Par un mémoire en défense, enregistré le 30 novembre 2025, le préfet de Mayotte, représenté par Me Claisse, conclut au rejet de la requête.
Il soutient que :
- la condition de l’urgence n’est pas satisfaite ;
- il n’existe aucun doute sérieux sur la légalité de l’arrêté attaqué.
Vu :
les autres pièces du dossier ;
la requête enregistrée sous le n°2502647 tendant à l’annulation de la décision par laquelle le préfet de Mayotte a implicitement rejeté la demande de délivrance d’un titre de séjour présentée le 13 mars 2025 par Mme A….
Vu :
- la convention européenne de sauvegarde des droits de l’homme et des libertés fondamentales ;
- le code de l’entrée et du séjour des étrangers et du droit d’asile ;
- le code de justice administrative.
Vu la décision, prise en application de l’article L. 511-2 du code de justice administrative, par laquelle le président du tribunal a désigné Mme Khater, vice-présidente, en qualité de juge des référés.

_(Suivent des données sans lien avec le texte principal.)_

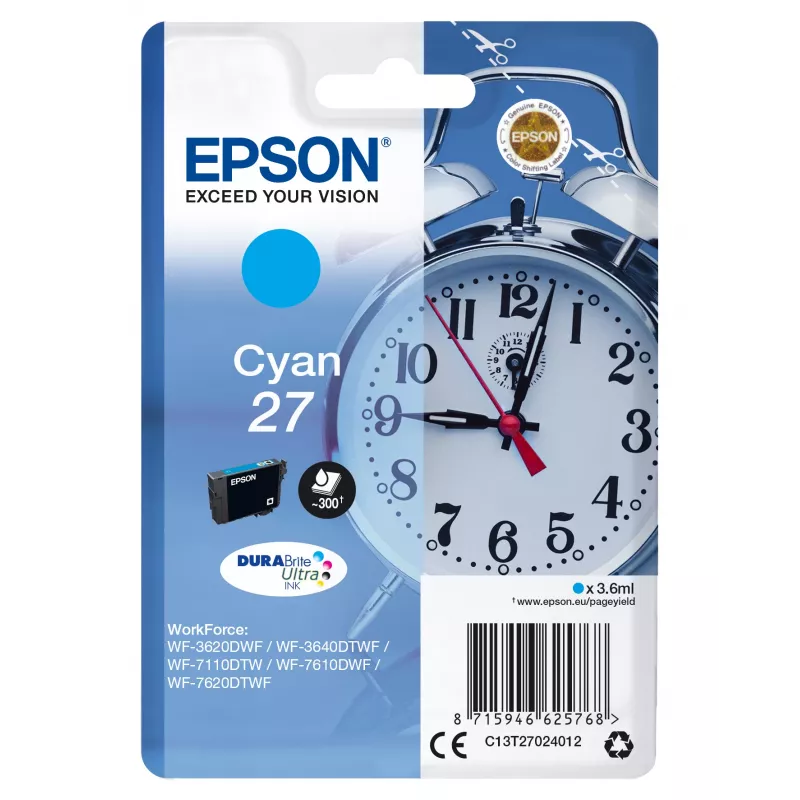 Epson Signalizacinis laikrodis Vienos pakuotės Žydra 27 DURABrite Ultra Rašalas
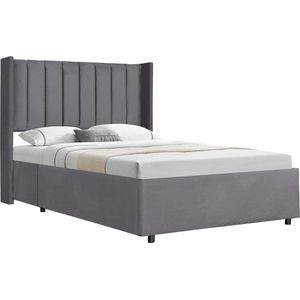 Gestoffeerd bed Savona - 200 x 140 cm - Donkergrijs - Incl. Bedlade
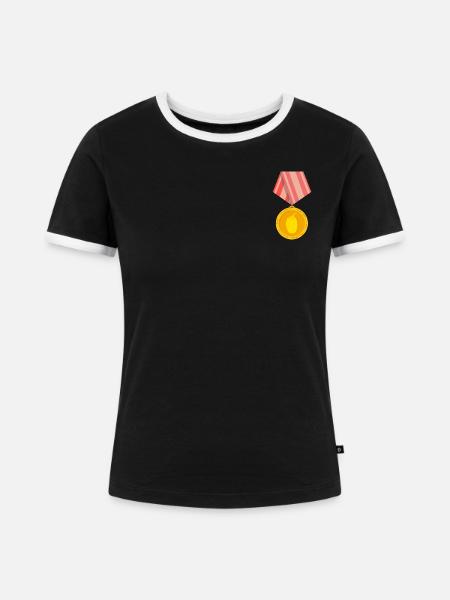 Habanero Medaille - Frauen Kontrast-T-Shirt - Schwarz/Weiß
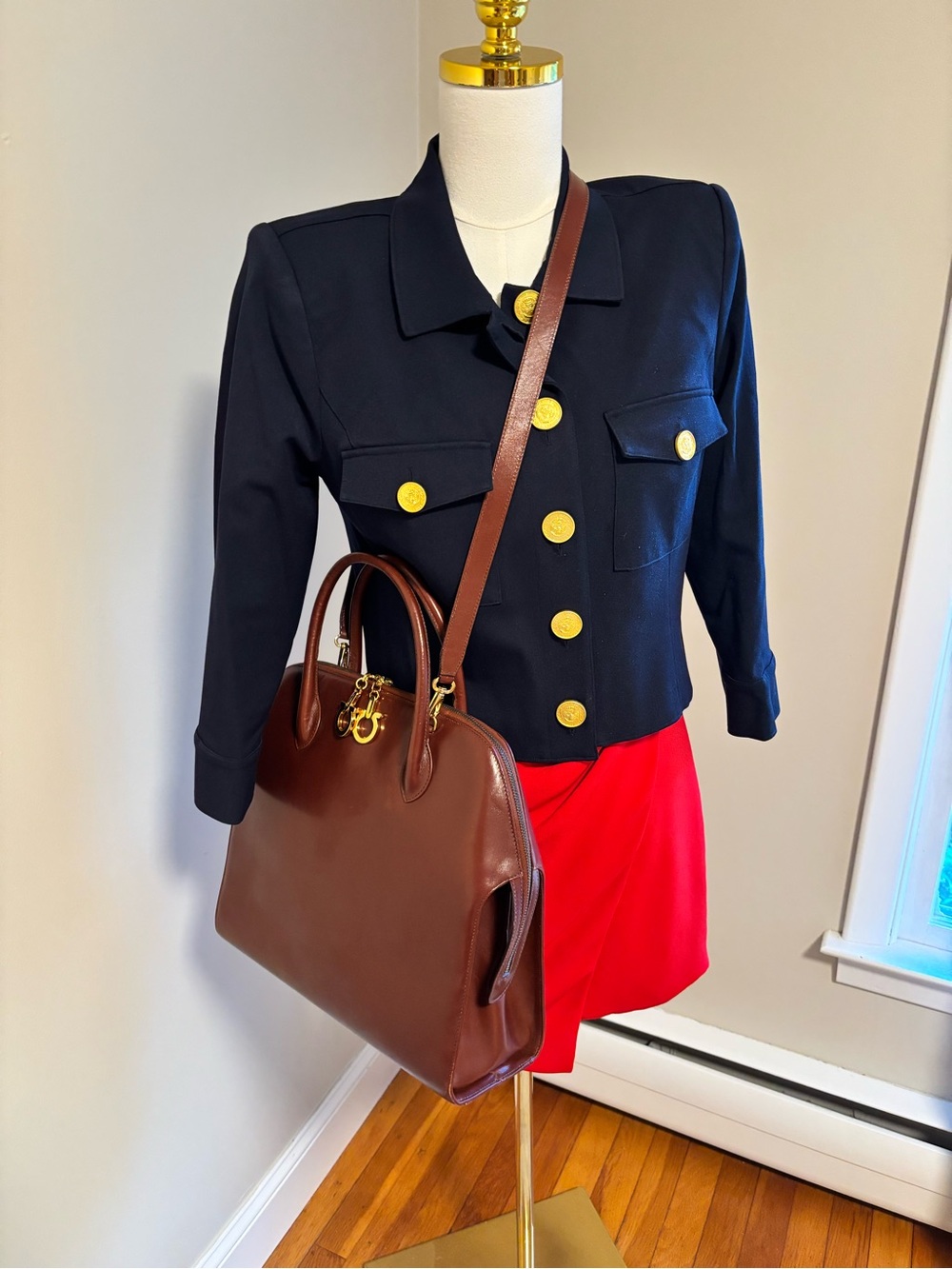Vintage Salvatore Ferragamo Brown Leather Gancini Dome Satchel Crossbody Bag - Picture 3 of 15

Les parties ont été régulièrement averties du jour de l’audience publique qui a eu lieu le 10 décembre 2025 à 14 heures 30 (heure de Mayotte), la magistrate constituant la formation de jugement compétente siégeant au tribunal administratif de La Réunion dans les conditions prévues à l’article L. 781-1 et aux articles R. 781-1 et suivants du code de justice administrative, Mme B… étant greffière d’audience au tribunal administratif de Mayotte.
Ont été entendus au cours de l’audience publique du 10 décembre 2025 :
le rapport de Mme Khater, juge des référés ;
les réponses de Mme A… aux questions de la juge des référés ;
et les observations de Me Safatian, représentant le préfet de Mayotte.
La clôture de l’instruction a été prononcée à l’issue de l’audience.
Considérant ce qui suit :
Mme C… A…, ressortissante comorienne, née le 10 mai 2005 à Mayotte, a sollicité, le 13 mars 2025, la délivrance d’un titre de séjour. Une décision implicite de rejet est née du silence gardé par l’administration. Par la présente requête, Mme A… demande au juge des référés, la suspension des effets de cette décision, sur le fondement des dispositions de l’article L. 521-1 du code de justice administrative.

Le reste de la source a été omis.